Average MC rates generally decreased for the Air Force, Navy and Marine Corps over FY11 to FY21, but the Army’s MC rates have grown, the GAO stated, adding that further details were not able to be published due to operational sensitivities.

Solving the US military’s aircraft readiness woes is no easy feat, as there are a kaleidoscope of problems that contribute to an airplane or rotorcraft not being mission capable.

“Many of the aircraft we reviewed are facing one or more sustainment challenges related to the age of the aircraft, maintenance constraints, and supply support,” the GAO stated. “According to program officials, these challenges have an effect on mission capable rates and the costs required to sustain those aircraft.”

For example, more than 30 aircraft programs cited diminishing manufacturing sources for parts, obsolescent parts, and parts shortages as ongoing problems for aircraft readiness — with many of those aircraft pointing to issues in all three areas.

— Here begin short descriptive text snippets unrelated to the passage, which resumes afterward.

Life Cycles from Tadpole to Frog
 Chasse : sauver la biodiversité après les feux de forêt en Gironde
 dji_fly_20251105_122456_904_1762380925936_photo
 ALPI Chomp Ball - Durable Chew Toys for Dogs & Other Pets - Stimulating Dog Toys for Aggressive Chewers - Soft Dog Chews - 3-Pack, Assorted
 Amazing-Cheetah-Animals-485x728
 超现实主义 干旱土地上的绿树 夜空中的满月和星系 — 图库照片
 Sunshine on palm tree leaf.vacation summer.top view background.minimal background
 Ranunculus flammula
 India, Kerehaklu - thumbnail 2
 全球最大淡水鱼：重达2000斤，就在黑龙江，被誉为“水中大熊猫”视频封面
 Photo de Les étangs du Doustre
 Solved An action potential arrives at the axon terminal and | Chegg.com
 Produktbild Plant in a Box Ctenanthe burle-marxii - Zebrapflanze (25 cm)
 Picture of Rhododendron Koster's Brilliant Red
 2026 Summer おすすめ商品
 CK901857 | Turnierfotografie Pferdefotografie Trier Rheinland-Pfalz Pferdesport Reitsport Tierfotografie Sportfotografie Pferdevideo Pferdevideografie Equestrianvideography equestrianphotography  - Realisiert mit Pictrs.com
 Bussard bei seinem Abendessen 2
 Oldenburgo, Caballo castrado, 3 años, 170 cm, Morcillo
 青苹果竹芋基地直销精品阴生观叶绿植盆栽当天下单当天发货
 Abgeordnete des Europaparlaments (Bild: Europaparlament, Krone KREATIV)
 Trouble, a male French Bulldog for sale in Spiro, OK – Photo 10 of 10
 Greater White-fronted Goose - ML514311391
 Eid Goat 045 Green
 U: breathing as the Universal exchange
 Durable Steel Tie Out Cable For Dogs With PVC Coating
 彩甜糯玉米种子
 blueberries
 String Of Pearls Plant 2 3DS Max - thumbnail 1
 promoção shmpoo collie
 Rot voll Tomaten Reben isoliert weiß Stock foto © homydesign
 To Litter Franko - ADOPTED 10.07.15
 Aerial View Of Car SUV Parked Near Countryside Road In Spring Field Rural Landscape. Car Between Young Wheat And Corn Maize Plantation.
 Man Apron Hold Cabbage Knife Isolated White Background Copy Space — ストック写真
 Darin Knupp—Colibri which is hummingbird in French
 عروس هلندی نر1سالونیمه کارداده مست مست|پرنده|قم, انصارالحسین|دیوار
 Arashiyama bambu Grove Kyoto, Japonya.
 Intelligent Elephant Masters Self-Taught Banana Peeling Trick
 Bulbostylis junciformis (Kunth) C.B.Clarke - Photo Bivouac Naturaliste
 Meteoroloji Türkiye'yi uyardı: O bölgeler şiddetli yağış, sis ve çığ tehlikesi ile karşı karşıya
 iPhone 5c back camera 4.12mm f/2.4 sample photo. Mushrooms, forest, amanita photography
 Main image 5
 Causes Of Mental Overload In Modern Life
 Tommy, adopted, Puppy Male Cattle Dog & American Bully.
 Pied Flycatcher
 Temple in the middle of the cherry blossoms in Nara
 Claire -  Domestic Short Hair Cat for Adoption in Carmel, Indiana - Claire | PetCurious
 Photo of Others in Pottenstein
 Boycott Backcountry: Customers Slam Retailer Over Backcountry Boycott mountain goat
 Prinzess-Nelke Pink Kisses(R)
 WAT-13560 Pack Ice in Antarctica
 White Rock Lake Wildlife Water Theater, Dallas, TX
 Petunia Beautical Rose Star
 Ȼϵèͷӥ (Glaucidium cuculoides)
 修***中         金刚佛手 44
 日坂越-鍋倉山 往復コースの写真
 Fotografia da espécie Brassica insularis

Other widespread issues included maintenance labor shortages, delays at maintenance depots, and the need for unscheduled repair work due to aircraft age or a malfunction, the GAO report stated. Those problems can compound each other if a problem found inside a plane moving through a complex overhaul then causes a delay for other aircraft that need to move through the depot, for example.

The GAO does not make new recommendations in the report and instead restates a prior suggestion that the Air Force and Navy expedite ongoing sustainment reviews. Currently, the services plan to wrap up reviews for all weapon systems by FY26, but the GAO believes that speeding up the process would allow the Air Force and Navy to more quickly “identify sustainment risks to aircraft availability” and convey those risks to Congress.